I am in love with someone other than my husband. I can't stop thinking about him. It's been months now and I keep hoping the feeling will go away. Like waiting for the dopamine to wear off so I can realize that it wasn't really love, but just a bad case of lust, or maybe some sort of distraction to a bigger, underlying issue. But it's still here, stronger than ever.
My Husband and I have a wonderful life, a great home and a beautiful family. We've been married for a long, long time. We've gone to countless engagement parties and weddings of people we know only to see their couplings end in divorce just after a few short married years. We've outlasted everyone. We are still standing and I know that we are an inspiration to others for the longevity and seemingly perfect life that we have.
Don't get me wrong. I love my Husband. But I just don't think I am IN love with him anymore. I haven't done anything with the Other Man. Not yet anyways, but I fantasize about doing something all the time. He's on my mind 24/7.
The thing is, on paper, Other Guy is totally wrong for me. Visually, it would be like Gisele Bundchen and Harry Knowles getting together. I'm not saying I look like a supermodel or that this guy's an obese man who still lives at home, but we are both from such different worlds that there should be no reason that we would even be together. But the feelings we have towards each other is so strong, like two magnets who can't resist coming together. It's like our souls have some sort of cellular memory from a past life. I KNOW this guy. My soul just KNOWS him. And this is not the way I have ever felt with my husband. Even when I first met him.
I've only been in love twice in my life. The second guy I married. I'm not one of those women that has been engaged countless times, only to break it off. I said "yes" once and we got married. The vows I took were till death do us part. I must honor that. How shitty would it be if I didn't?
With Other Guy, I am finding myself in love for the third time in my life and it's not fun for me. In fact, this whole experience has been downright stressful. I can't eat, I can't sleep. I'm not even happy. This love is making me very sad because it is a love that cannot happen, as much as every inch of my body and soul wants it too. I am not a cheater (though I feel like one already) and if I go down that path, I know nothing good will become of it.
Which brings me to say something very important. I have never, ever cheated on my husband. In all our years of marriage, I've never once strayed, or been tempted to stray. I can't even begin to imagine the stress of having to lie, make-up stories and sneak around in order to be with another person. Simply being in love with Other Guy is stressful enough. Carrying it out feels like it could be suicidal.

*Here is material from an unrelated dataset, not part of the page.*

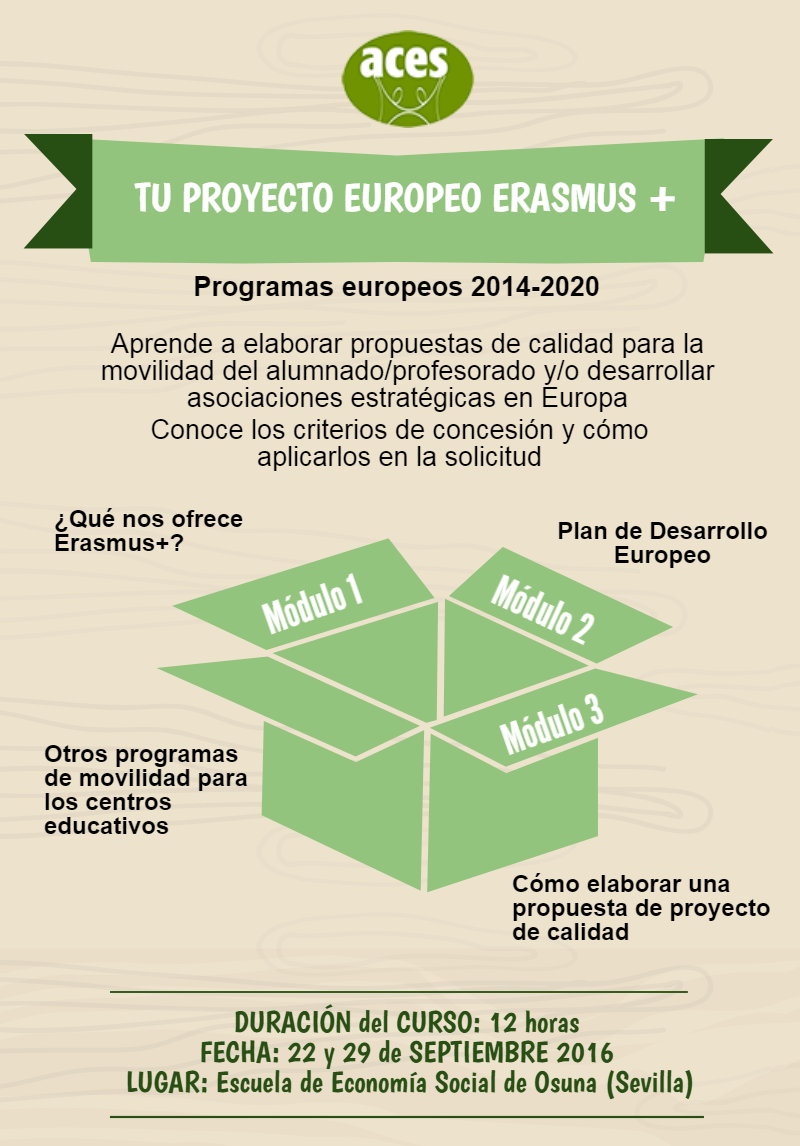 RECORDATORIO. Convocatoria Curso Tu proyecto Erasmus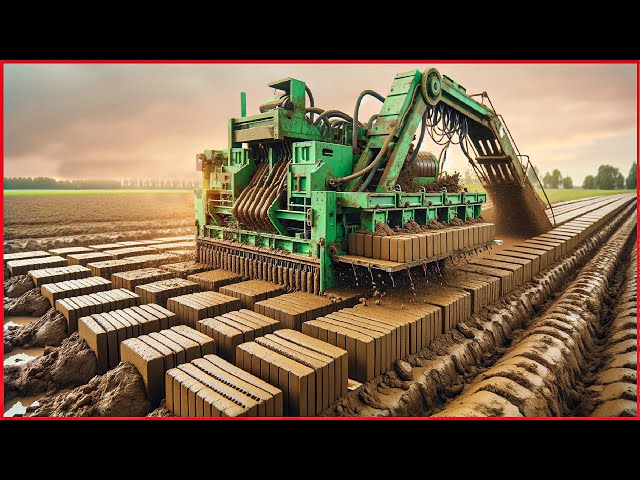 Red Clay Brick Production Line Making Million Brick in Factory - Amazing Clay Brick Making Process class=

It sounds cheesy to say, but I feel like Other Guy and I have been together in a past life. Like perhaps it was some sort of unrequited love that was never consummated and has now carried over to this life. How else do I explain this sort of Victorian romance that we are having? Beautiful words and gestures, but a self-imposed restraint on both of our parts. We talk about how we feel for one another, how wonderful it would be to be together, but how wrong it would be under the circumstances. All I keep thinking is - God! So it's NOT going to happen in THIS lifetime as well? Then when? Another 100 years? I can't bear it!
You know one of the reasons I don't want to cheat on my husband? Because I feel like some day - whether it's in this lifetime or another - that I truly will be with Other Guy. And if I cheat on my Husband, then Other Guy will always, always wonder if I would cheat on him too. And I love him too much to ever want him to even think that I'd do that. How fucked up is that? That THAT is the main reason I am not cheating on my own husband? In some sick and weird way, I am pledging my loyalty and faithfulness to Other Guy by NOT cheating on my own Husband.
This is just too much for the heart to handle. The need and desire to want to touch Other Guy is so strong it's overwhelming. To touch his face, his hand and to feel his lips.... I'm ready to explode inside because I feel so alone in this. I can't talk to any of my friends about my situation. They would be shocked to hear it because everyone assumes my Husband and I are in love and leading our perfect lovely life. Heck, even my Husband thinks that!
This love is making me extremely fragile emotionally. Since I have never cheated before, or been in love with someone outside my marriage, I do not have any coping skills in dealing with this. It's not like I can say, 'Oh yeah, this happened to me before, and this is how I resolved it.' This is an entirely new thing for me and I don't know what to do, how to deal. How DOES one deal?